MITRE ATLAS Techniques

AML.T0010.001 AI Software

AML.T0010.002 Data

AML.T0019 Publish Poisoned Datasets

AML.T0020 Poison Training Data

Compliance Controls Affected

EU AI Act: Art. 9

ISO 42001: A.10.1

NIST AI RMF: GOVERN-1.1, MANAGE-2.2

What are the technical details?

Original Advisory

Keras versions prior to 3.14.0 are vulnerable to a path traversal issue in the archive extraction utilities located in `keras/src/utils/file_utils.py`. The functions `filter_safe_tarinfos()` and `filter_safe_zipinfos()` validate archive member paths against the process current working directory (CWD) instead of the actual extraction destination. When the process runs with CWD set to `/`, which is common in Docker containers, CI/CD runners, and Jupyter environments, the validation boundary becomes the filesystem root, allowing traversal paths to bypass the security check. Additionally, the zip filter contains a bug that causes an `AttributeError` when a blocked entry is encountered, leading to incomplete extraction. Furthermore, Python 3.11 installations lack the `filter="data"` safety net, leaving them entirely reliant on the flawed CWD-based filter. Exploitation of this vulnerability can result in arbitrary file writes outside the intended extraction directory, enabling attackers to overwrite configuration files, inject malicious code, or corrupt machine learning datasets and pipelines.

Exploitation Scenario

An attacker poisons a public dataset archive hosted on a popular repository — Hugging Face Hub, Kaggle, or a compromised institutional mirror — by embedding path traversal entries such as `../../../usr/local/lib/python3.11/site-packages/keras/__init__.py`. A victim's MLOps pipeline running inside a Docker container (CWD=`/`) calls `keras.utils.get_file()` to download the archive as part of a routine training job.
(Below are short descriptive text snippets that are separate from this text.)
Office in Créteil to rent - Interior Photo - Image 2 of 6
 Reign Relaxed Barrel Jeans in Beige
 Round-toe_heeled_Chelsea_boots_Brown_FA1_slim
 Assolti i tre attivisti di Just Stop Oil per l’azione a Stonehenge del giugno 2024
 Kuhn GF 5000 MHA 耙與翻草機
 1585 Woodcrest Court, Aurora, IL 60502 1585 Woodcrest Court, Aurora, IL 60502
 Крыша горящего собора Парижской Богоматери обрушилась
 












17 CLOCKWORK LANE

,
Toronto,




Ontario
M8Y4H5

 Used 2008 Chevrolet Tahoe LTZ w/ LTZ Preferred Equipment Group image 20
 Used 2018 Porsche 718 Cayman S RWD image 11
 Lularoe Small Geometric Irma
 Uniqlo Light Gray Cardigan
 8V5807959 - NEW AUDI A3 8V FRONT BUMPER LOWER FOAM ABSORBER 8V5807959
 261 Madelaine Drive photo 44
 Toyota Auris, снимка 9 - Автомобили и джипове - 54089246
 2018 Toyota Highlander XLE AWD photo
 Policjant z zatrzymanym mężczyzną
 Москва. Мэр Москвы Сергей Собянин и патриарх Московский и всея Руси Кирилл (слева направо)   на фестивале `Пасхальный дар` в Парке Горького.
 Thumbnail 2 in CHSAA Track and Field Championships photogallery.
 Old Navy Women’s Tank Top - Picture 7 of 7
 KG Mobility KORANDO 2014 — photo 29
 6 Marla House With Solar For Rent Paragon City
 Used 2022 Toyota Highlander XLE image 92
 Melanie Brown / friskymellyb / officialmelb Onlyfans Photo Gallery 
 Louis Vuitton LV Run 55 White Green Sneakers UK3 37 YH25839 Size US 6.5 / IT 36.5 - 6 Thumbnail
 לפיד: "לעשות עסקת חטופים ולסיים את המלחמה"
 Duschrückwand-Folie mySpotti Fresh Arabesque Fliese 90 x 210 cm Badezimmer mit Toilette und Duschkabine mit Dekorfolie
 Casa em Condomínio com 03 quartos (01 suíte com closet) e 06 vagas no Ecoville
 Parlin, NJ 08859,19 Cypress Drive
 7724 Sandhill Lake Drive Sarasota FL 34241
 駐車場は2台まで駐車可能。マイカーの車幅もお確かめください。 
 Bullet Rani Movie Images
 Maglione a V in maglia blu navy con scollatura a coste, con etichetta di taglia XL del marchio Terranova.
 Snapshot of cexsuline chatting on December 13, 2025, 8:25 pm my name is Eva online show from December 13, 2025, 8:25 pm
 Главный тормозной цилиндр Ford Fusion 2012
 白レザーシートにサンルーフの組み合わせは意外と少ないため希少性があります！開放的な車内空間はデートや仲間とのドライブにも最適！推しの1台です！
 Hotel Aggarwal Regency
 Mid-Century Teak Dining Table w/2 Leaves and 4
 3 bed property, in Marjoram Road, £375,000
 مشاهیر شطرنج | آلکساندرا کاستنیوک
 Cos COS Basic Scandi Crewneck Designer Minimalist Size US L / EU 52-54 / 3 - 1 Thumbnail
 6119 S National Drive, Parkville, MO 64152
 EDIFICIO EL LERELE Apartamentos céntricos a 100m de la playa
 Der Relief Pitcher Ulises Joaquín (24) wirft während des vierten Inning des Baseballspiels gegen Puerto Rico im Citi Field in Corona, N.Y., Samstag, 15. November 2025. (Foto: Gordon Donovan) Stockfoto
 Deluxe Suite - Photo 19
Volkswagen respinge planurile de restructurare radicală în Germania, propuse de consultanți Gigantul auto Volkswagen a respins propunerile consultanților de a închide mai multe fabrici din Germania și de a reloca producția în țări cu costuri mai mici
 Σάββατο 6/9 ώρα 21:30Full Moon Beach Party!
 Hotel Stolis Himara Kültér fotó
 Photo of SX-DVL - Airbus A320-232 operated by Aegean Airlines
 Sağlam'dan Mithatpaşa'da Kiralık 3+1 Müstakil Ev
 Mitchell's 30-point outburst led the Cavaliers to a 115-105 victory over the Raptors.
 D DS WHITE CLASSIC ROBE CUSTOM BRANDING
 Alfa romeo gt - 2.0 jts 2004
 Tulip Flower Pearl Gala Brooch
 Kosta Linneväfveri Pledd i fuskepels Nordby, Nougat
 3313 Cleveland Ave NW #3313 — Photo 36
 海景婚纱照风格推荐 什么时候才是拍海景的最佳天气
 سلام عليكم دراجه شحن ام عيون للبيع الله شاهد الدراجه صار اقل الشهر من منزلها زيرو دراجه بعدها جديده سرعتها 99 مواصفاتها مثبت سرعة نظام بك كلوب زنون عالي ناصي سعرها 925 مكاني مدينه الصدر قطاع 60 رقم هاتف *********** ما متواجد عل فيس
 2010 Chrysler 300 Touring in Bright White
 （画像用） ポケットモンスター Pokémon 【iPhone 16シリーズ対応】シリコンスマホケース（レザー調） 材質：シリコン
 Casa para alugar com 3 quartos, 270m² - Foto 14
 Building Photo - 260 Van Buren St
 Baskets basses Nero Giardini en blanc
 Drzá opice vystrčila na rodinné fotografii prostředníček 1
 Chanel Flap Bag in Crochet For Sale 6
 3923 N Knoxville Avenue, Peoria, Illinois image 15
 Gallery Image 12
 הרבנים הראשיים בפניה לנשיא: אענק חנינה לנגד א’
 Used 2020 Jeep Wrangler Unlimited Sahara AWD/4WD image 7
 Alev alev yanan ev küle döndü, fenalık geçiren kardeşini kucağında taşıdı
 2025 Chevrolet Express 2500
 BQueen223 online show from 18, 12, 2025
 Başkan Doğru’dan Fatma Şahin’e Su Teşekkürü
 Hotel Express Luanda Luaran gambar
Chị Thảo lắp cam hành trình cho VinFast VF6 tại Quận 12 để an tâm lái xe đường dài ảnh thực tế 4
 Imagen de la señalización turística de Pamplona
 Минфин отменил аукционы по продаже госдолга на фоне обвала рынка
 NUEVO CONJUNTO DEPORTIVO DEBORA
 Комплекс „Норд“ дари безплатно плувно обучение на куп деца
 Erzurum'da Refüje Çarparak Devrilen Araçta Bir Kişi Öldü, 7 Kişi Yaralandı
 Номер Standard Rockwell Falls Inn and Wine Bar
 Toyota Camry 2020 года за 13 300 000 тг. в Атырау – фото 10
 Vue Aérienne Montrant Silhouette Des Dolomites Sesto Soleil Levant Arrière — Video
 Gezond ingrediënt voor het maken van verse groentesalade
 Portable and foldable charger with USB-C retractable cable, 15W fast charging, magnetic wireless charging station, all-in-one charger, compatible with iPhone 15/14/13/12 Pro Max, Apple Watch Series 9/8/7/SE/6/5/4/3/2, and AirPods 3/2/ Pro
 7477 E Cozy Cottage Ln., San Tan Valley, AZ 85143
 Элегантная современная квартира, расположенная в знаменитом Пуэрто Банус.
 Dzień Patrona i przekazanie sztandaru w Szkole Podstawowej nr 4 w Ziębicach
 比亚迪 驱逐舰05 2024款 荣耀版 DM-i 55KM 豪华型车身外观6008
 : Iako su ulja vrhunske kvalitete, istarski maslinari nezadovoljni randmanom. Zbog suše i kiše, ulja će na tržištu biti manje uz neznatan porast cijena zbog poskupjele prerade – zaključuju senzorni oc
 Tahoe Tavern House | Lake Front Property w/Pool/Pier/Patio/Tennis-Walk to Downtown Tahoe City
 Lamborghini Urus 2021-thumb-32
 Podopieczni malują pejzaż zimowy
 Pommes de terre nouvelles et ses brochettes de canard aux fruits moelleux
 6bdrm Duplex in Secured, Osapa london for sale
The `filter_safe_tarinfos()` function validates the entry path against `/` rather than the extraction directory, so the traversal passes unchallenged. The malicious file overwrites the legitimate Keras `__init__.py` with an implanted version that exfiltrates model weights or injects a reverse shell callback on next Python import. The attacker achieves persistent code execution inside the training environment with zero user interaction beyond the routine dataset fetch.